The answer must restate the listing word for word, without its images.

→ **AVAILABLE DATA**:
"""

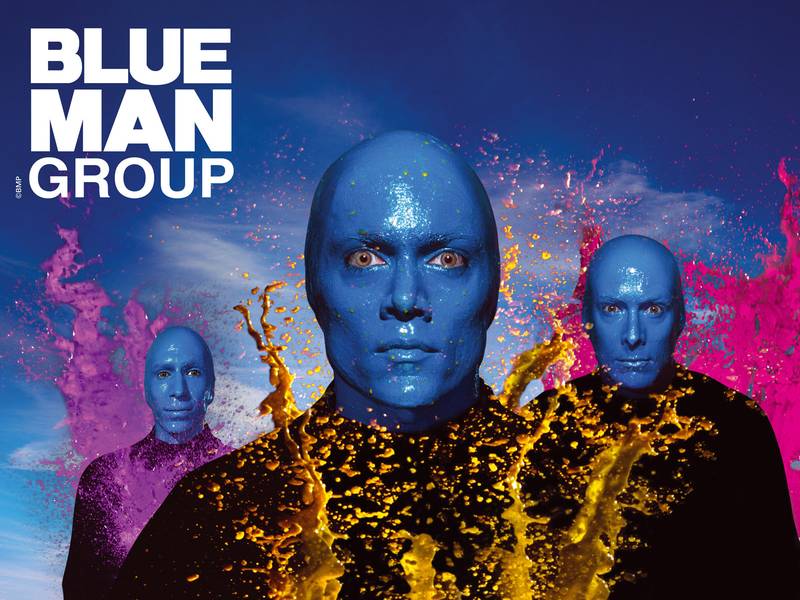 [Blue+man+group.jpg]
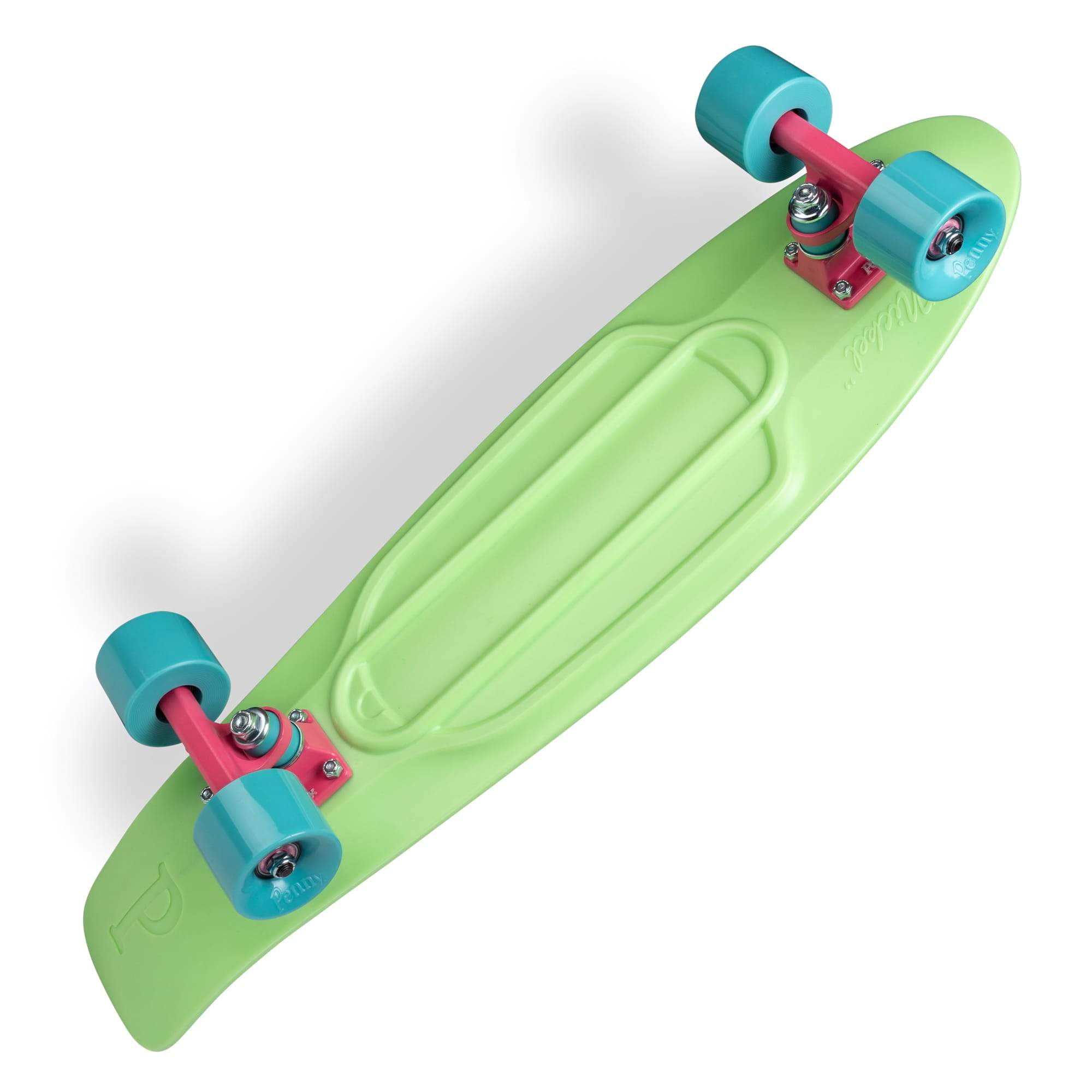 Penny Board カラフル Calypso 27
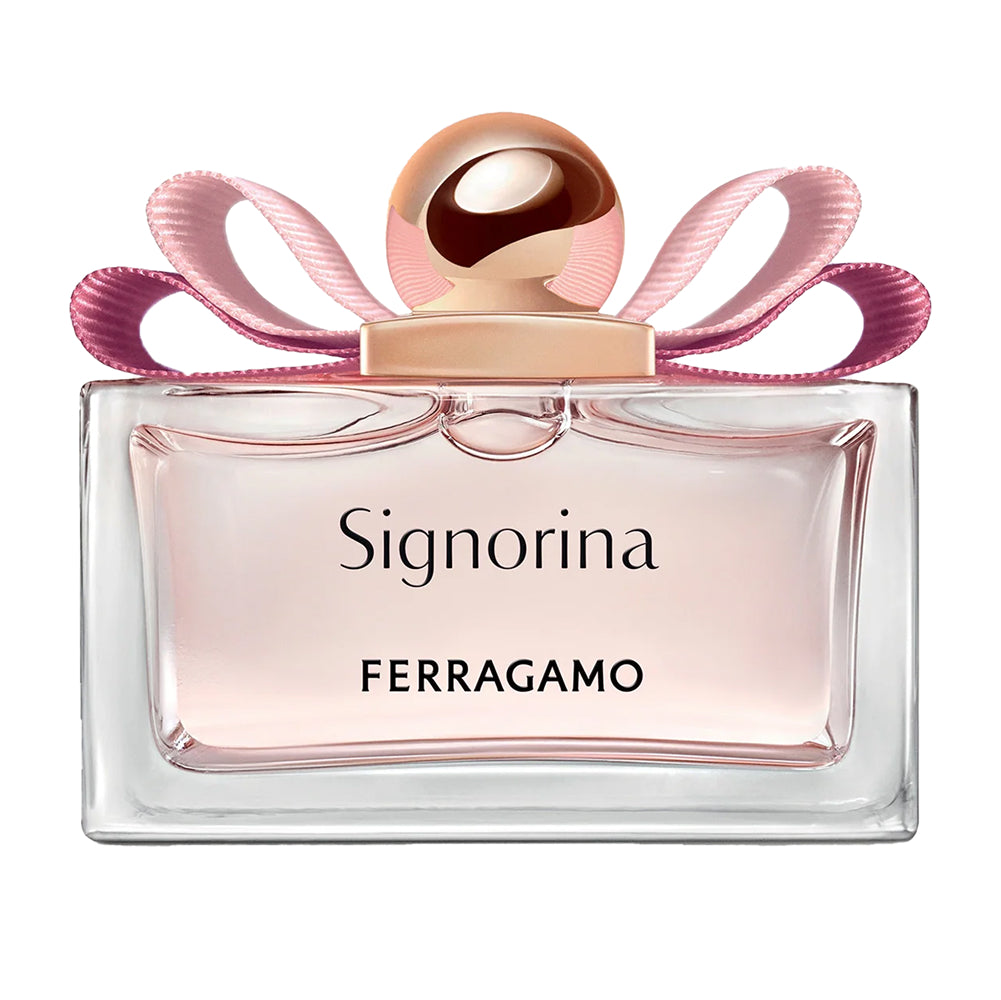 Salvatore ferragamo Signorina EDP 50ml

"""

→ **REPLY TO THE TASK**:
 [Blue+man+group.jpg]
 Penny Board カラフル Calypso 27
 Salvatore ferragamo Signorina EDP 50ml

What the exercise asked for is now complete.